For the foods that are filling, they are at the other extreme. Our meals have started to become funded by companies that don’t seem to have our best health interests in mind. Pop-Tarts and Cinnamon Toast Crunch have replaced the scone and cinnamon roll options at the beginning of the year. In Daniel Newman’s Unrig (available in the West Po Library), food processing companies were linked with behind-the-scenes corruption which incentivized politicians to change the definition of “nutritious fruit” to include canned fruit in sugar syrup. Sound familiar?

“It’s ridiculous how little money the school puts into feeding its students,” says Joseph Steinman. “It’s even worse considering breakfast is coming from companies that have a reputation of loading their products with sugar.”
A recent breakfast had two options: Pop-Tarts or Lucky Charms cereal with Unicorn Marshmallows, cinnamon crackers, and juice. While these are around the prescribed calorie limit per day, the total sugar level of these two options is almost triple the prescribed limit.

Simson Marak, a regular in the cafeteria, commented that while lunch was okay, with the high sugar content in breakfast offerings “it would be smarter for students to eat breakfast at home.”

Indeed, some of the most dangerous items in the serving line are given at breakfast. A Harvard study links high sugar intake with juices. Just intuitively, it seems wrong that the fruit juice provided has almost the same amount of sugar as the frosted oats with marshmallow cereal. The most sugary items, which have ingredients linked to increased risk of heart disease and diabetes, are given away for free, while more nutritious foods are more exclusive.

“I don’t get lunch, but it doesn’t make sense that milk and juice are given freely but they charge for water,” Merryn Grindstaff, senior, adds.

We are eating the results of a lunch subsidized by corporations that don’t care about our health, but rather the near $1.30 per student. The worst part of it all is that the majority of students facing the long-term health consequences of eating junk food from school are the ones who might not be able to afford to make another lunch otherwise.

There are desperate shortages in the essential behind-the-scenes work of
FCPS. Custodians, bus drivers, and lunchroom workers are doing twice the work they’ve been doing before the pandemic, so we should do what we can to make their job easier. States and local governments should increase funding for universal lunch programs.

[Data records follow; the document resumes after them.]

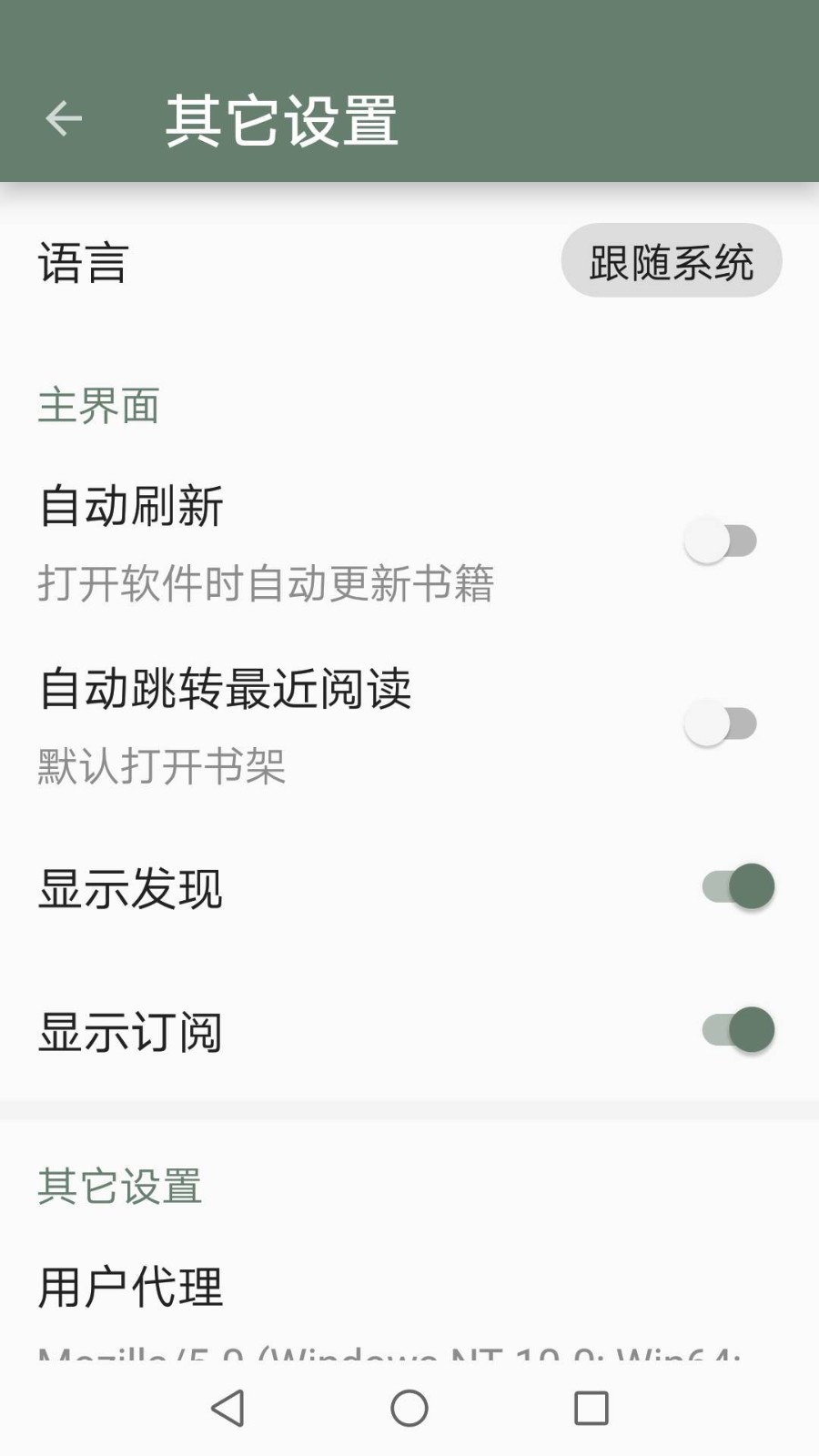 墨书阁图1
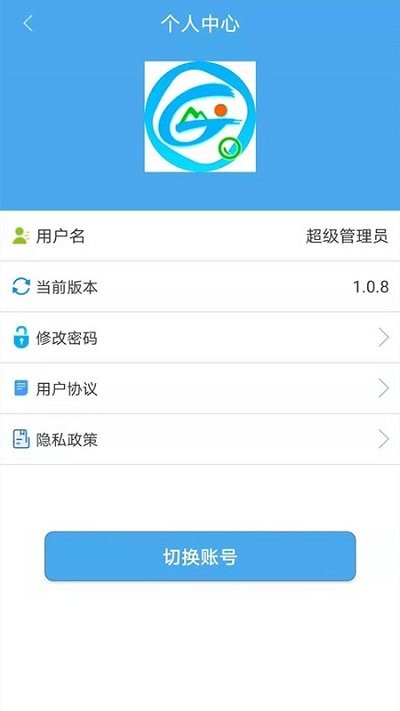 馬鞍山公交綜合數(shù)據(jù)查詢app安卓版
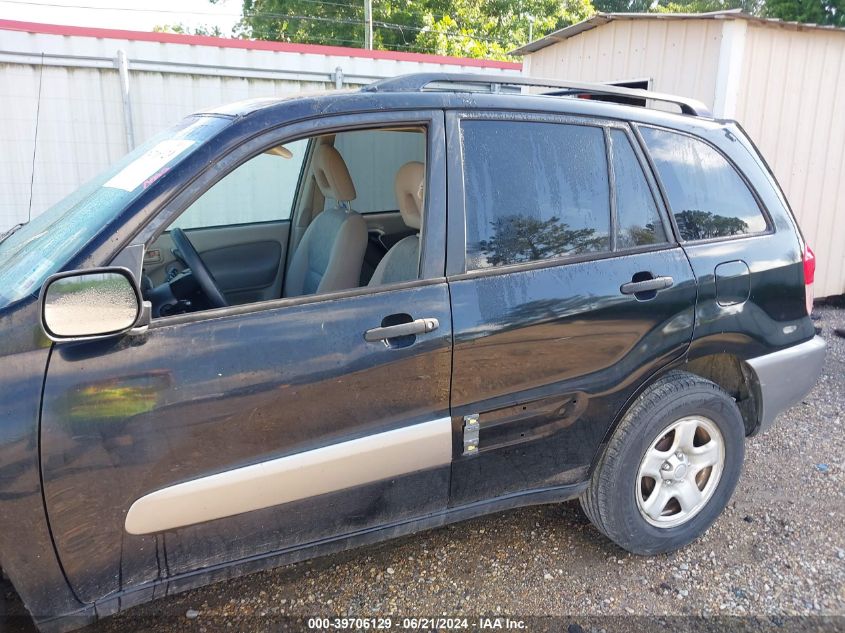 2003 Toyota Rav4 VIN: JTEGH20V930106980 Lot: 39706129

At West Potomac, administrators should do their best to ensure full transparency about where our lunches are coming from and update us with any communications from the Office of Food and Nutrition Services.
The trade-off between quality and quantity is an inevitable choice. We cannot choose to let some kids go hungry, but that doesn’t mean the transition to providing all students with free meals is one that is beyond change.

In the meantime, the administration could look into partnering with local farms or providing more comprehensive information about what goes into our meals and what different choices could mean. In order to reap the benefits of universal lunch, we have to make sure that our money is spent smartly as well as frugally. And, we should see more vegetarian options, which might slash the meat budget, along with alternatives to brand-name foods.

Students also have to take action and make the decision themselves. Knowing what’s in their food, do they want to make the choice to lobby against bigger businesses supplying their needs? There is thought required at every level to change our eating habits, but hopefully this won’t be too tough to swallow.